Gilmore now supplants Butler as the No. 1 cornerback in New England (in terms of cash payout), essentially leaving the next move in this chess game up to the Saints.
I know this: Quarterback Drew Brees isn’t getting any younger, nor is Saints owner Tom Benson who’d like nothing better than to win a second Lombardi Trophy while he still can fully appreciate the moment.
There are still contractual and negotiation miles that the Patriots, Saints and Team Butler must travel before a complicated deal could be struck but the window of opportunity remains open 10 days into free agency.
On paper, Butler checks all the boxes for a pass defense-challenged Saints defense. He’s regarded as a top-shelf cover corner that Saints defensive coordinator Dennis Allen could pair with their third-year undrafted cornerback Delvin Breaux.
And yet I wonder if Butler, a 27-year-old undrafted free agent from the University of West Alabama, is merely a product of a tried-and-true defensive system who has greatly benefited from the combined genius of Patriots coach Bill Belichick and bushy-bearded defensive coordinator Matt Patricia.
Butler’s stats are relatively modest — six interceptions, one forced fumble, one sack, 35 pass breakups, 145 tackles and one Pro Bowl selection. But he’s better than any defensive back currently on the Saints roster and he has two Super Bowl rings (XLIX, LI) to prove it.
Still, would there be all this fuss if, say, he hadn’t stepped in front of intended Seattle Seahawks wide receiver Ricardo Lockette and intercepted a pass with 20 seconds remaining to preserve the Patriots 28-24 victory in Super Bowl XLIX?
Another Super Bowl hero cornerback comes to mind. Remember Larry Brown, a relatively unheralded member of the Dallas Cowboys secondary? He became the first cornerback to be named MVP of a league championship game after collecting two INTs in a 27-17 victory against the Pittsburgh Steelers in Super Bowl XXX to cap off the 1995 season.
In the offseason, Brown parlayed that performance into a lucrative five-year, $12.5 million contract with the Oakland Raiders, only to be waived after playing just 12 games in two years.
I also think of safety Jairus Byrd, who had no Super Bowl heroics but somehow coaxed a then-record six-year, $54 million contract from Saints officials in March 2014 that featured $28 million in guaranteed money. By all accounts, Byrd’s resume’ was impeccable — a three-time Pro Bowler with 22 INTs, a game-changing, ball-hawking difference maker in the back end of the secondary.
Byrd turned out to be a terrible investment — a bust in every sense of the word — and was released a week ago.
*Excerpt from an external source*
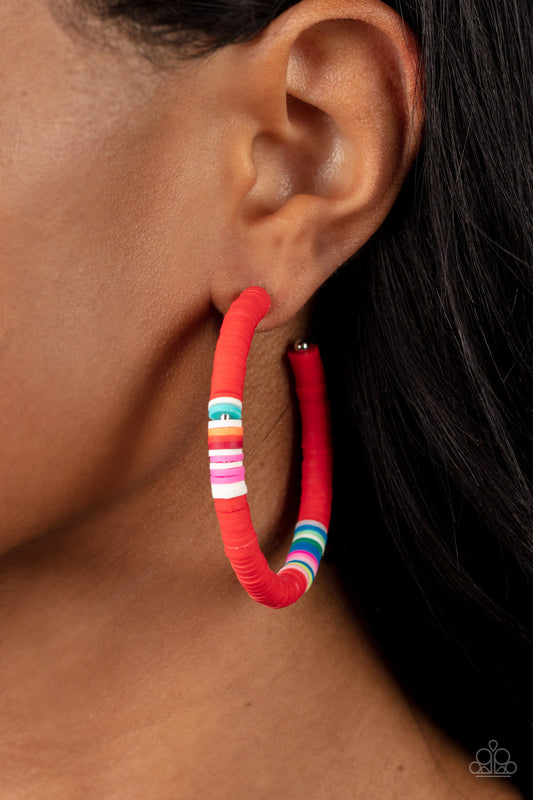 Colorfully Contagious Red Hoop Earring - Paparazzi Accessories  Rubbery red, blue, green, pink, orange, yellow, and white bands are threaded along an oversized silver hoop, creating a courageous pop of color. Earring attaches to a standard post fitting. Hoop measures approximately 2 1/4" in diameter.  Sold as one pair of hoop earrings.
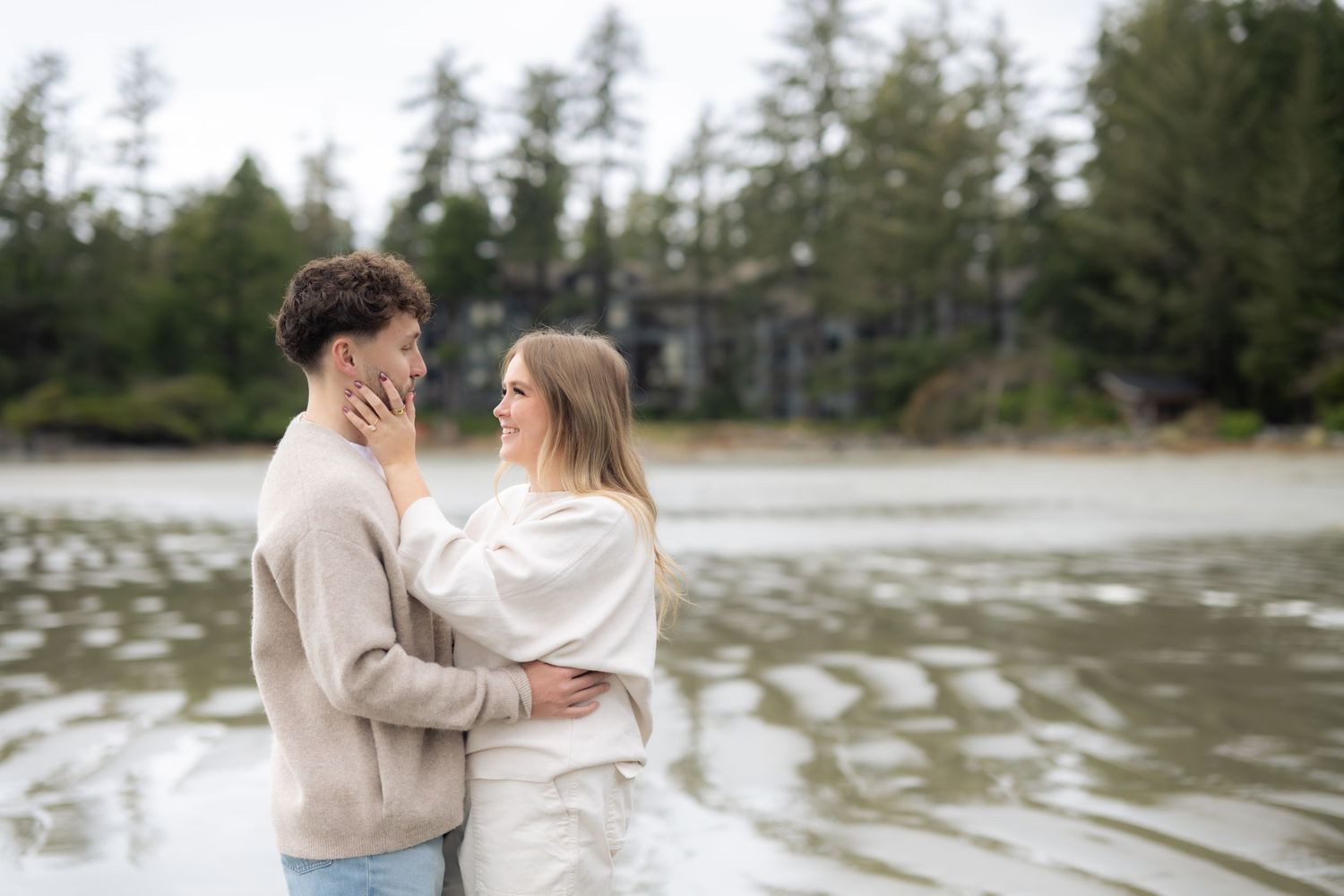 A tender moment between two people in neutral sweaters by the water's edge.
Brown turned out to be much ado about nothing for the Raiders, returning to the Cowboys for his final NFL season in 1998 with his tail between his legs.
It remains to be seen how this story plays out between the Saints and Patriots, who’ve already orchestrated a blockbuster deal involving speedy diminutive wide receiver Brandin Cooks and multiple draft picks this month.
But it’s clear Malcolm is in the middle.